Belle slumped back, holding her forehead in both hands. 'My face is burning. I'm sick, I guess. Help me to bed.'

Crippen suddenly leant over her, gripping her arms.

'How many times have you threatened to leave me?' he said with unknown venom. 'Threatened! It would be the happiest release for me and Ethel. You could take your jewels. You could take our whole Ј600 in the Charing Cross Bank. You could go off to America to Bruce Miller, to whoever you cared. But you wouldn't. You found me too useful here, working my heart out at Munyon's, the Drouet Institute, the Tooth Specialists. Providing you with clothes and comfort, a slave for anything you fancied. You've your own friends. Your own pleasures. You leave me here lonely and miserable. The only sympathy and affection I've ever had in the world is from Ethel.'

He straightened up. She sat looking dazed, slowly rubbing her arms. 'All right. All right, I'll go,' she mumbled.

'It's too late now.'

'What d'you mean?'

'I don't know. My head is full of bees,' he told her abruptly.

She half rose, face shot with terror. She screamed, 'It ain't a dog, it's a bear-'

He glanced quickly at the drawn curtains of pink velvet. They were thick enough to muffle the sound. The neighbours were anyway used to Belle's outbursts. 'There's nothing there. You're seeing things.'

'Oh, Peter…' She looked at him piteously, clutching her breast. 'My heart…my heart…it's flying from my body.'

'You're drunk. You had three glasses playing cards. Maybe that brandy's not only stronger in taste?'

She rose unsteadily from the chair. Her mouth opened, no words came. She staggered, clutching the mantelpiece, pulling the pink cloth, smashing a china cat against the gas-fire.
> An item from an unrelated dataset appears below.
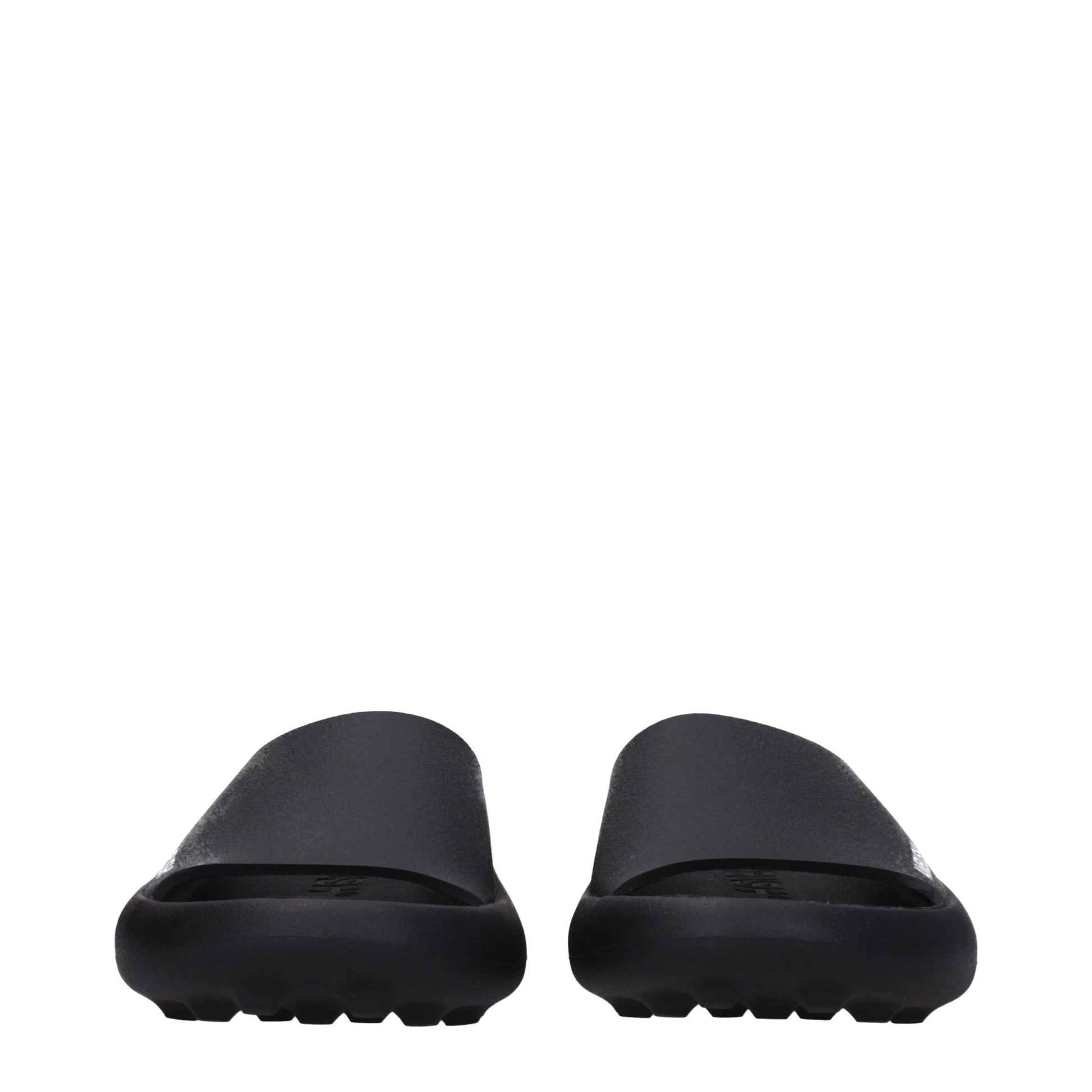 Black Cotton Slippers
'Peter!' she screamed. Crippen continued staring, hands under coat-tails. 'I'm dying…' He did not move. 'I'm going next door, to Mrs Harrison…' She tried to walk, knocked over the small table, clattering the framed photographs on the floor. She crumpled. She lay face down on the carpet, giving a huge gasp. Crippen stayed immobile.

'Belle,' he said quietly.

He hesitated.

'Belle-'

He crouched and turned her half-over. Her face was dusky, her mouth slack, her eyes partly open. He stood up. 'So,' he said. He gave her chest a gentle kick, partly inquisitive, partly insolent. 'Belle has left me,' he murmured. He sounded unbelieving. He walked quickly round the room, hands in pockets. He stopped suddenly, righted the overturned table and carefully replaced the photographs. He rearranged the pink mantelpiece cover, picking up the fragments of china from the carpet, cupping them delicately in his left hand, leaving the room for the kitchen and tipping them into the round bin under the sink where Belle had scraped the leavings from their dinner plates.
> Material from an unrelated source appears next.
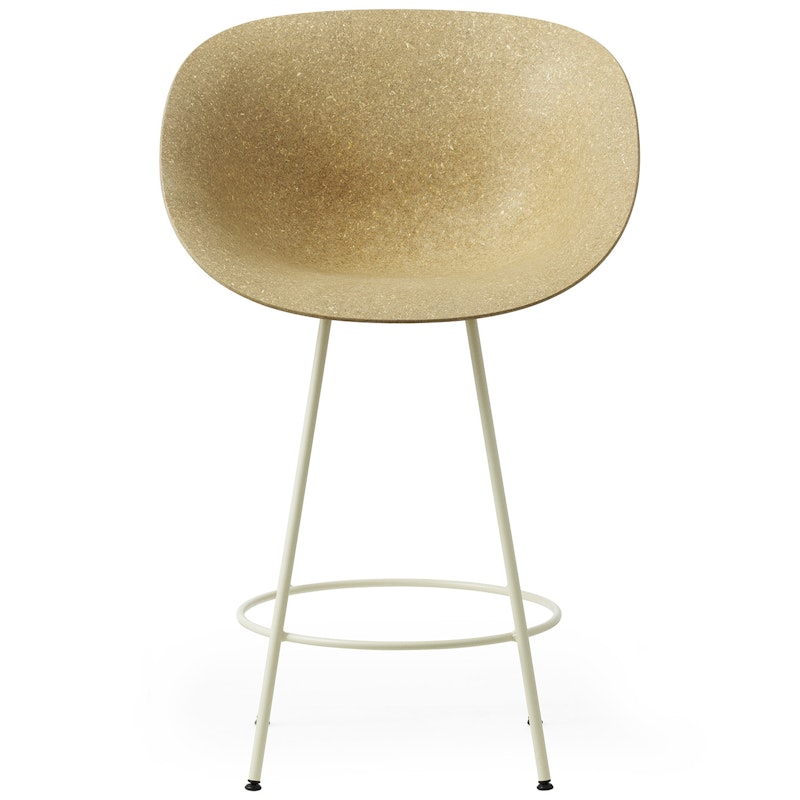 Mat Bar Chair Armchair 65 cm, Hemp / Cream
He returned to the parlour, strode straight past Belle, crouched and switched off the gas-fire. Then he turned Belle on her back with his foot. He raised her eyelids, revealing pupils like black full moons. He felt her wrist for a pulse, noticing the forearms drawn in spasm, the fingers clawed. 'So Belle shall vanish,' he said. He began to undress her.

He unbuttoned her yellow silk gown down the back, unlaced the waist, pulled the bodice from her crooked arms and tugged the skirts from her feet. The cotton underskirt was soaked with urine. He remembered that Belle had not visited a certain room since dinner. He tugged off the black ankle boots with pearl buttons up the side, and unbuckled the black lisle stockings from suspenders stretching half-way down her fat thighs. He loosed the tape of her cotton knickers, which ended in six-inch frills over the knee. He unknotted the lacing of her stays, ripping them off her wobbling buttocks. She had only an undervest with six buttons, which he loosed from wallowing breasts. He had not seen her naked for five years or so. She always had him come to her in the dark, like an animal. He noticed the scar running from navel to pubic hair, the incision for the ovariotomy which turned her barren.